Question

Radium (Ra 226 ,half life is 1622 years) decay into radon (Em 222, half life is 3.82 days), which is a monoatomic gas .A sample of 100 mC initially pure radium is allowed to come to equilibrium with its decay products for several months. Compute the number of radon atoms present at that time.What volume would this gas occupy at NTP?

Answer 1

Can you have a go at this first?!

Happy to provide a second opinion. :-))

Answer 2

can you help me to solve this problem please?

Answer 3

radio active EXPONENTIAL DECAY LAW is maybe going to be PART of the solution here ?
http://perendis.webs.com

Answer 4

"several months" in 1622 YEARS ????? Je ne comprends pas.

Answer 5

I am assuming you are familiar with the usual population growth/decay model used in radioactive decay.....

\(\dot N = - \lambda N \implies N = N_o e^{- \lambda t}\)
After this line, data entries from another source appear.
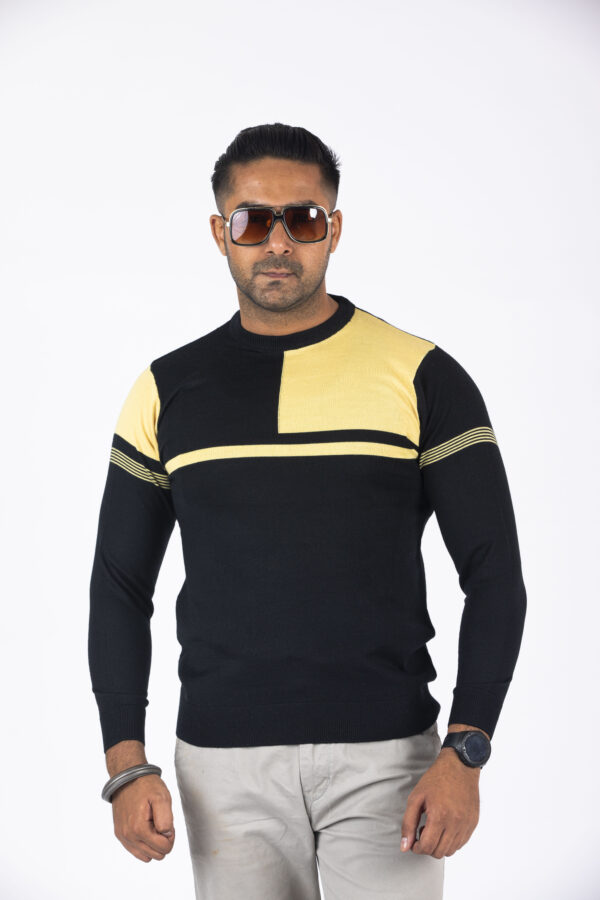 BRATS Round neck Full sleeve Sweater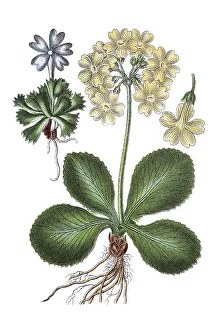 Historic Botanical Drawings Drucke: Least primrose (Primula minima) on the left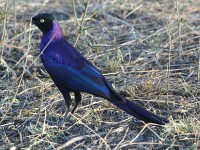 Rüppell's Starling (Lamprotornis purpuroptera)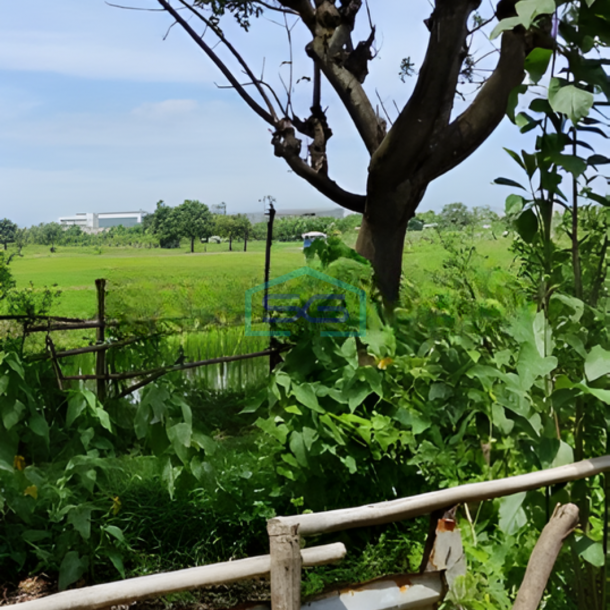 Dijual Tanah Kosong Lokasi di di Cikande Serang Kawasan Industri LT 300000m2-2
Where N is the unit you choose, say number of atoms, or total mass of element

Here, you have a sequence of decay .... ie substance 1 decaying into substance 2 decaying into substance 3, so we need to modify that model


we can say that the amount of substance 1 (Radium) at any time is as above:

\(N_1 = N_{o1} e^{- \lambda_1 t}\), and thus \( \dot N_1 = -\lambda_1 N_{o1} e^{- \lambda_1 t} \quad \star\)
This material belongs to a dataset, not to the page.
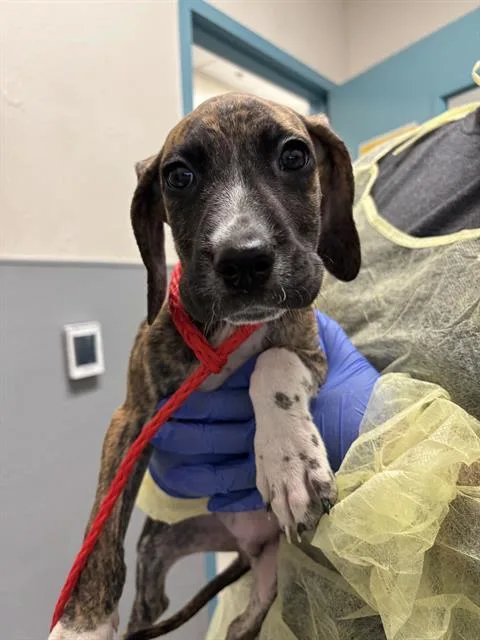 A baby small-sized male Mastiff dog named Muffin for adoption in Las Vegas, NV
But, for substnce 2 (Radon), it is both being created and decaying itself, we we say that in terms of number of atoms at any point in time:

\(\dot N_2 = -\dot N_1 - \lambda_2 N_2 \) ... adding the decayed Radium (\(\dot N_1\) is negative so negative sign means we're adding it here), and substracting the decayed Radon.

Once here, it's process until we get a useful model. From \(\star\)

\(\dot N_2 = \lambda_1 N_{o1} e^{- \lambda_1 t} - \lambda_2 N_2 \)

Then write it like this....

\(\dot N_2 + \lambda_2 N_2 = \lambda_1 N_{o1} e^{- \lambda_1 t} \)

.....from which you have integrating factor \(\exp (\int ~ \lambda_2 dt ) = e^{\lambda_2 t} \)

.....and the useful IV that \(N_{o2} = 0\)!!

And 4 or 5 more lines you end up here:

\(N_2(t) = \dfrac{\lambda_1}{\lambda_2 - \lambda_1} N_{o1} (e^{- \lambda_1 t}- e^{- \lambda_2 t} )\)

Finishing it off requires a litle bit of chemistry but be very careful with the units. You can convery Curie into grammes and number of atoms, if you like. They want the latter so let thet be the units of N.

In terms of time, the parameter \(\lambda\) connects with half life \(\tau\) as follows

\(\dfrac{1}{2} = e ^ {-\lambda \tau} \implies \lambda = \dfrac{ln(2)}{\tau}\)

You could use days or minutes, depends how granular you want to be, but be sure to use the same units for time and half lives throughout.

Answer 6

thank you very much

Answer 7

Bravo encore @IrishBoy123, mais je ne comprends pas encore le question. (Rubbish french, but you may get the gist of it ... 1622 years and 3.82 days ???)

Answer 8

@osprey

it means that you will get small amounts of Radon as the Radium half-life is so long, and that the Radon then decays relatively v quickly so you end up with v little Radon too.

The problem then lies with the horrible by-products of Radon decay.

Loads of alpha's killed Mme Curie, i think :-((

Answer 9

@IrishBoy123
The q says pure radium. So that's an awful long half life to wait a few months to get some radon.
Yes, M Professor Curie, Nobel, and maybe Professor Lisa Meitner, unknowingly were killed by "their best friends" so to speak ?.

Answer 10

@osprey

you got me wondering about the point of all this so i got on my horse :-)

We agreed that:

\(N_2(t) = \dfrac{\lambda_1}{\lambda_2 - \lambda_1} N_{o1} (e^{- \lambda_1 t}- e^{- \lambda_2 t} ) \)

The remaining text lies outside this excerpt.